By mastering shared liability and collecting data from users or devices with their explicit permission, banks can improve pricing and approval processes, offering customers a seamless experience in which core banking services—payments, lending, investments, and even nonfinancial services—are interconnected. This deeper integration can drive engagement, customer loyalty, and higher profitability. The next strategic step could be to deploy embedded-finance tool kits—from digital cards and wallets to working capital—across major retail and insurance partnerships.
Operating like a software company
The shift to digital is driving players to act more like software companies, releasing new features every week and continuously simplifying their product offerings. In the market we serve, we see frontrunners are setting up dedicated digital teams and modernizing their core platforms with cloud-native technology and reliable APIs. This agile operating cadence lowers the cost-to-serve, improves customer experience, and provides a crucial competitive edge.
By continually issuing new features faster, cutting low-performing products, or modernizing legacy systems, banks can build more agile operating models that boost customer conversions and revenue while keeping costs low. This approach could include simplifying operations and reducing expenses across the board. The players that can launch updates in days, not months, are likely to thrive in this fast-paced environment.

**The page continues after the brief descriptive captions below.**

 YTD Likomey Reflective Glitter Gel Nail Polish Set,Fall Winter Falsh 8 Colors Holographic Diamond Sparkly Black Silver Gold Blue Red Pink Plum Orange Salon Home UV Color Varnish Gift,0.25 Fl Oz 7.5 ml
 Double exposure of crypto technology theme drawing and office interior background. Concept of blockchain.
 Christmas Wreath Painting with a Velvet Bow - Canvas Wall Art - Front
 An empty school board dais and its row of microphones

Six emerging themes to guide a new era of African banking
The story of African banking is no longer just one of emerging potential, but of proven performance, innovation, and resilience, creating a solid base from which to build toward 2030. Nevertheless, the evolving African banking sector requires that banks adapt their strategies for long-term growth amid intensifying competition and economic volatility. Insights from our deep dive into Africa’s five largest banking markets suggest the next wave of evolution—and the path to defining success beyond the current rate cycle—will be driven by six emerging themes.
1. A two-speed reset: Protect returns for real value
Africa is operating on a two-speed economic track. While countries like Morocco have largely stabilized and avoided major currency challenges, Sub-Saharan Africa continues to grapple with persistent inflation and currency pressure, affecting credit demand and provisioning needs. In response, we observe that regulators in high-inflation markets are simultaneously tightening prudential standards and encouraging consolidation to strengthen the system’s resilience, while also advancing pro-innovation frameworks for open banking and fintech to boost competition. The banks most likely to succeed will be those that effectively price currency risk, manage sovereign exposure, and secure hard-currency liquidity. Returns can be protected by diversifying sources of funding, ensuring that local profitability converts to a durable value.

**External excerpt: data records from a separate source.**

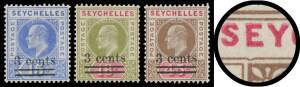 Seychelles - 1903 Surcharges '3 cents' on 15c on 18c & on 45c all with the Dented Frame below the First 'E' of 'SEYCHELLES' SG 57a-59a, the second & third with minor aging, very lightly mounted, Cat &pound;1025. Ex John Williams.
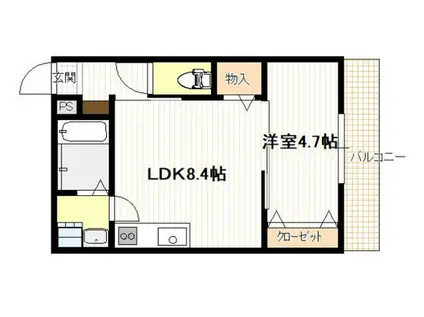 宇品御幸五丁目(1LDK/2階)の間取り写真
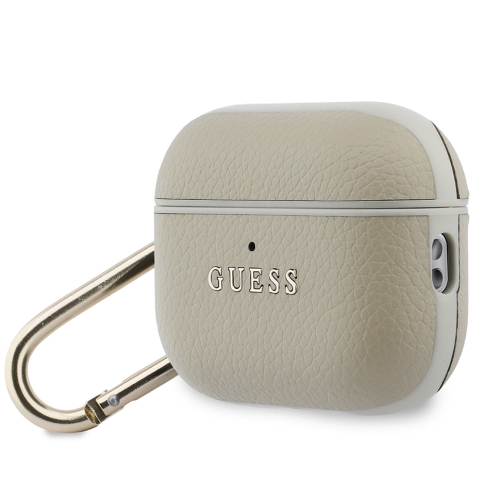 Guess для Airpods Pro 3 чехол PU Grained leather with Classic metal logo and Carabin Gold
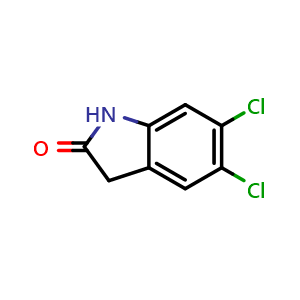 Chemical structure of 5,6-Dichloroindolin-2-one , CAS 71293-59-9, AChemBlock C-2434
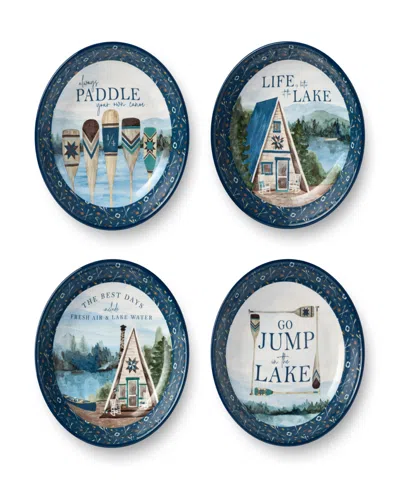 Certified International Wake At The Lake Set Of 4 Soup Bowls In Multi
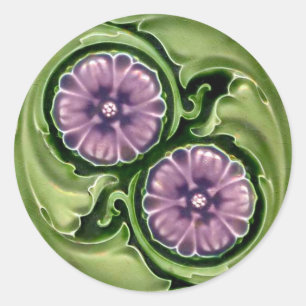 Vintage-Fliesendesign Arts and Crafts Jugendstil Runder Aufkleber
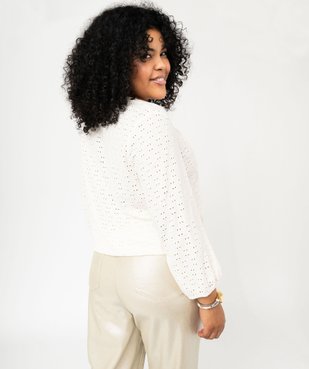 Blouse manches 3/4 en maille ajourée femme grande taille vue4 - GEMO 4G GT - GEMO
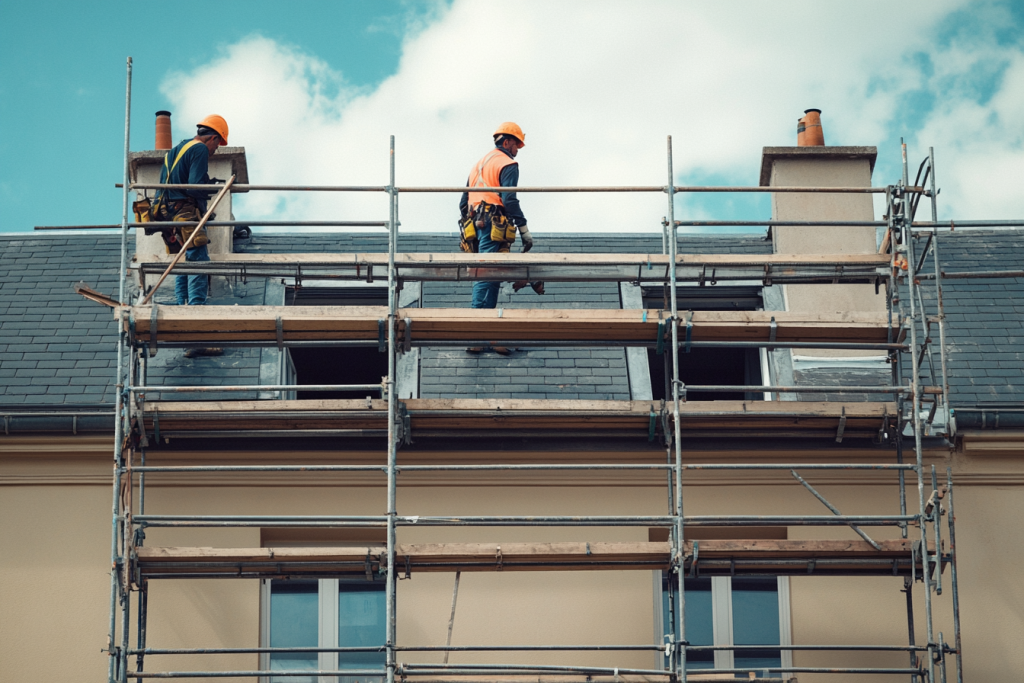 Ouvriers en train de rénover un toit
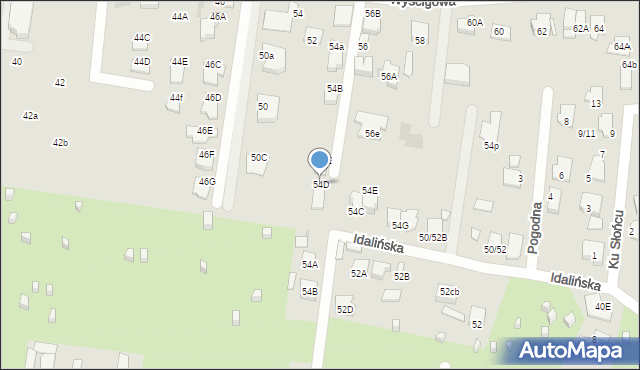 Radom, Wyścigowa, 54D, mapa Radomia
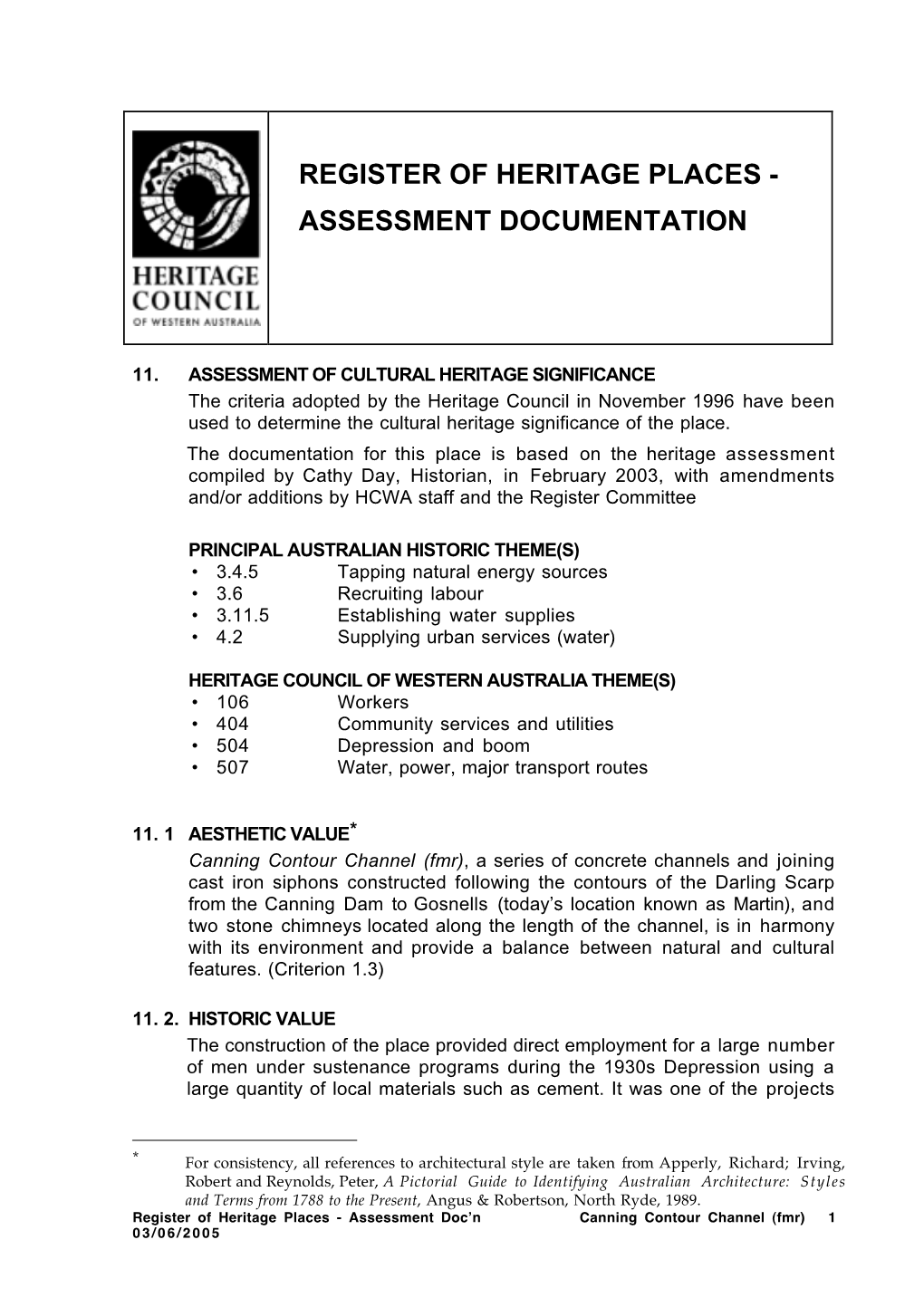 Register of Heritage Places - Assessment Documentation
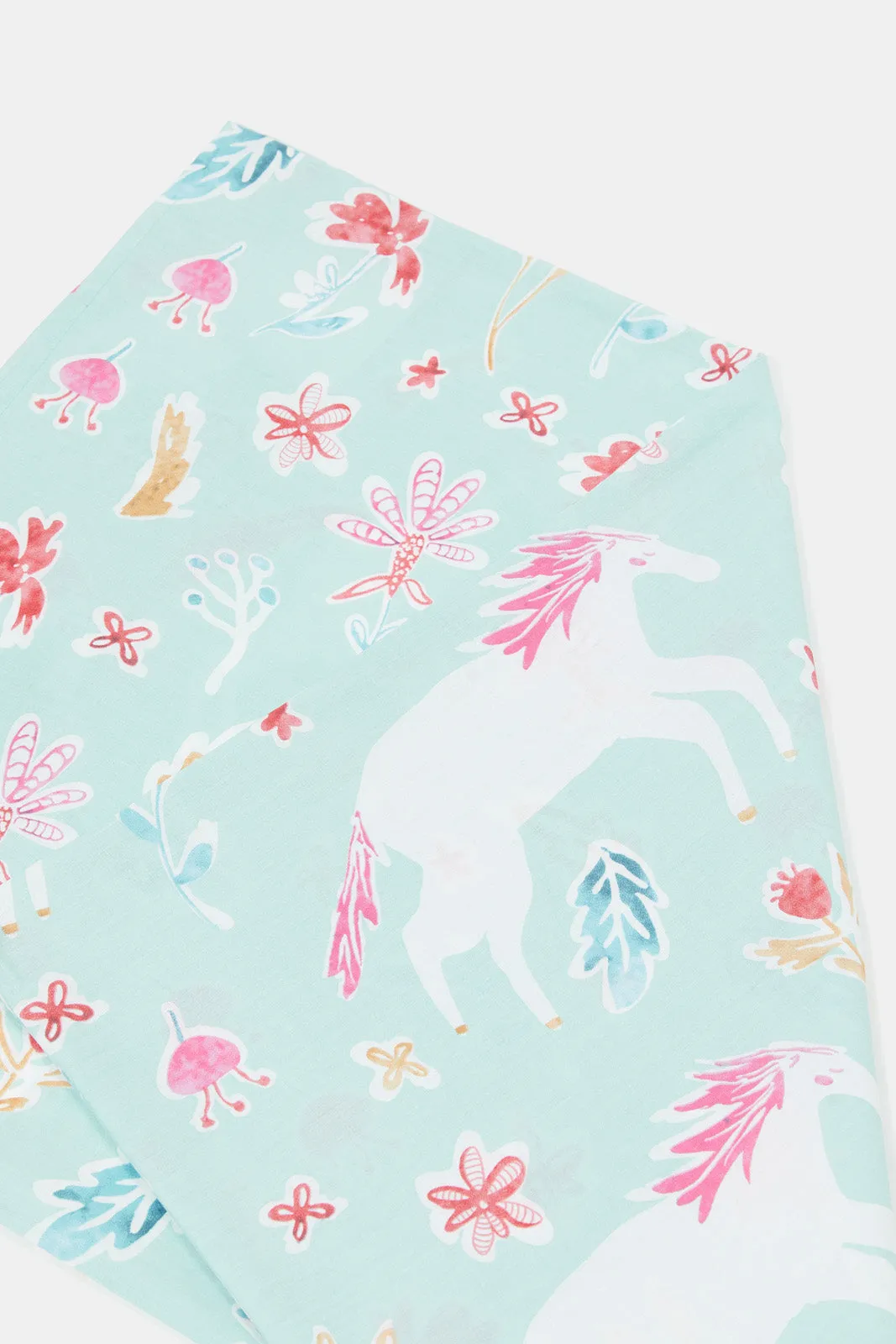 Teal Unicorn Printed Kids Comforter (Single Size)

2. A tilt toward non-interest revenue: Shift the mix to fees
To protect earnings from volatile interest rate cycles, banks are shifting their focus to stable fee income from services like payments, cards, wealth, and insurance. This reduces their sensitivity to interest rate changes and minimizes their reliance on profits derived from lending as interest rate tailwinds fade. Since instant payment technologies are increasing competition on fees and making individual transactions less profitable, banks can respond by focusing on increasing customer usage and offering value-based bundles to protect their economics and deepen customer engagement. Additionally, cross-border and corporate cash flow services are becoming primary anchors for reliable, sticky fee growth.
3. Scale and consolidation: Scale only where unit economics improve and optimize capital
Banks are actively pursuing mergers and acquisitions and cross-border expansion to achieve scale and compete with agile fintechs, telcos, and neobanks. Many central banks support this consolidation by raising minimum capital requirements, effectively pushing banks toward mergers that create fewer, stronger institutions. Consolidation also targets efficiency by removing duplicate branches, operations, and technologies to reduce the cost-to-income ratio and free up capital.
The successful players of the future are likely to be those that scale selectively, simplify products, and digitize operations, while vigorously pursuing operational efficiency. Additionally, expanding across borders can help reduce exposure to exchange-rate fluctuations and uneven growth, helping to smooth earnings volatility. As nontraditional competitors expand into deposits, credit, and insurance, banks can partner with, white-label, or acquire these entities when collaboration yields better unit economics.
4. New capabilities: Industrialize AI, starting with costs while strengthening the foundations
To compete in a rapidly digitizing market, banks are likely to need stronger data foundations to replace outdated legacy systems and allow for better customer insights and increased operational efficiency. However, these need not be fully resolved before scaling AI. Open banking and APIs are reshaping distribution, enabling banks to embed products directly into telco and retail platforms and lower customer acquisition costs. Rather than first fixing fragmented data systems and then deploying AI, banks can scale priority use cases while progressively modernizing data architecture and governance. With cloud-ready platforms and robust machine learning operations (MLOps), pilots can transition to reliable, large-scale production quickly. Banks could then deploy advanced scoring models and gen AI for automation, reduce approval times, improve customer servicing and operations, reduce costs, and scale MSME lending, while enhancing early-warning systems and improving data collection.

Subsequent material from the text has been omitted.